Usa, i limiti del potere del presidente
La lettera aperta inviata da 47 (su 54) senatori repubblicani al regime di Teheran con l’intento di far fallire i negoziati condotti dagli Stati Uniti insieme a cinque potenze (Cina, Russia, Gran Bretagna, Francia e Germania), va letta come un complesso atto di lotta politica interna contro la presidenza Obama.
Obama, leader debole?
L’inasprimento degli attacchi repubblicani al presidente, che negli ultimi mesi si sono allargati anche alla politica estera, solitamente condotta con metro bipartisan, punta all’indebolimento dell’Amministrazione democratica utilizzando sia la leva politica che quella costituzionale.
Bersaglio della critica repubblicana sono innanzitutto gli ondeggiamenti della politica estera mediorientale, dopo il fallito tentativo della mano tesa all’islam proclamato da Obama all’università del Cairo, del giugno 2009.
Le vicende di Egitto, Libia e Siria si sono aggiunte al ritiro delle truppe dall’Iraq e Afghanistan, considerato un esplicito ribaltamento della politica interventista di George W. Bush.
Oggi i Repubblicani ritengono che il negoziato con l’Iran sul nucleare, premessa di un’implicita intesa per la lotta contro il terrorismo islamista, sia un’ulteriore rinuncia dell’America a svolgere il ruolo egemone internazionale e ad usare la maniera forte che le dovrebbe essere propria.
Obiettivo: impastoiare il presidente
Oltre alle tradizionali divergenze tra Democratici e Repubblicani sull’uso della forza militare, v’è tuttavia un altro, e più importante, significato dell’attacco ad Obama condotto con l’invito a Netanyahu e con la lettera aperta all’Iran: si tratta del modo di interpretare i poteri presidenziali in politica interna ed estera.
È questo il cuore dello scontro in atto, aggravatosi dopo le elezioni di mezzo termine che hanno dato ai Repubblicani la maggioranza in entrambi i rami del Congresso.
La storia insegna che in un sistema bilanciato fondato sui pesi, contrappesi e sulla possibilità di veti reciproci tra Presidenza e Congresso, ogni importante conflitto politico tende a divenire un conflitto costituzionale.

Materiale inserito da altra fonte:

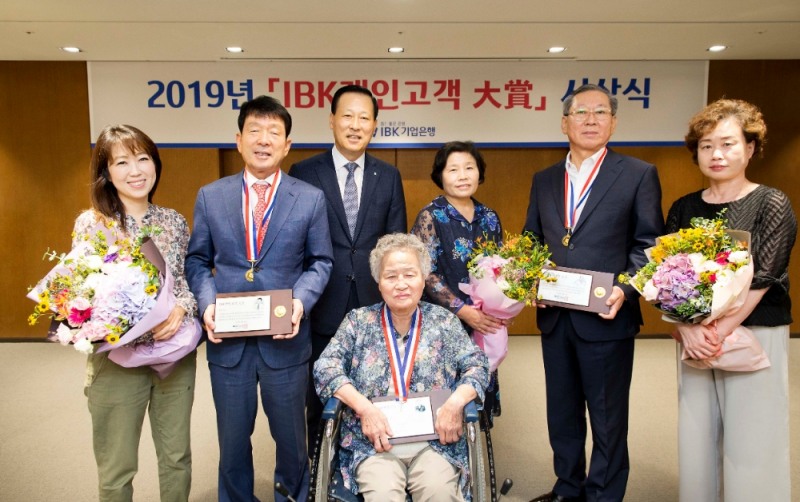 29일 서울 을지로 본점에서 김도진 기업은행장(왼쪽 세 번째), 안현자 고객(가운데), 김수영 고객(오른쪽 두 번째), 김영식 고객(왼쪽 두 번째)과 가족들이 ‘IBK 개인고객 대상’ 시상식을 마치고 기념촬영을 하고 있는 모습. / 사진= IBK기업은행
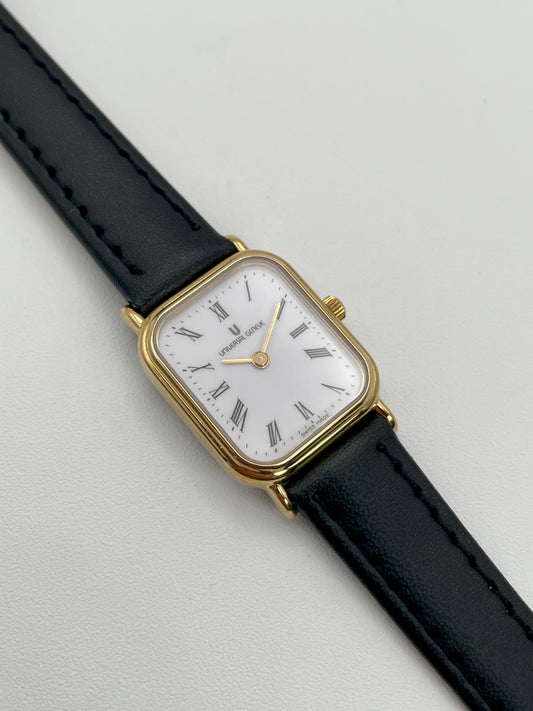 Main view of Universal Geneve Tank Vintage Women's Watch in gold case with black leather strap.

E così è in questo momento.
Si deve tenere presente che i più controversi atti recenti di Obama sono stati tutti messi in pratica facendo un uso intenso dei poteri presidenziali, espliciti e impliciti, senza l’approvazione del Congresso e per mezzo di ordini esecutivi, delibere amministrative, ed estensione di precedenti decisioni.
Così la legalizzazione degli immigrati, l’apertura a Cuba, e la pubblicazione dell’inchiesta su Guantanamo.
La presidenza sostiene oggi che anche il negoziato con l’Iran, che dovrebbe tradursi in un trattato internazionale, può essere condotta al di fuori dell’autorizzazione congressuale, mentre i Repubblicani negano questa possibilità, definendo il negoziato un “ordine esecutivo” facilmente ribaltabile.
Dietro questa disputa formale sui poteri costituzionali si cela, dunque, la sostanza del conflitto di politica estera su quel che il presidente può o non può fare, il che significa su quel che Obama nei prossimi venti mesi riuscirà a fare senza dovere negoziare con i Repubblicani.
Nel regno del dubbio brilla solo la forza
Indipendentemente dal giudizio che in futuro sarà dato sulla politica americana di questa presidenza, certo è che dopo le drammatiche vicende del presidente Bush, Obama si è trovato ad affrontare una lunga serie di situazioni impreviste in contesti del tutto mutati rispetto alle antiche alleanze e divisioni.
Chi affronta le discontinuità internazionali finisce sempre per pagare un prezzo di incertezza, soprattutto se sceglie di non tagliare con la spada i nodi che si presentano.
Ed è quello che Obama sta pagando nel tentativo di mettere in atto nuove linee strategiche tra cui il negoziato con l’Iran che, certo, ribalta la politica estera seguita dai Repubblicani negli ultimi trent’anni.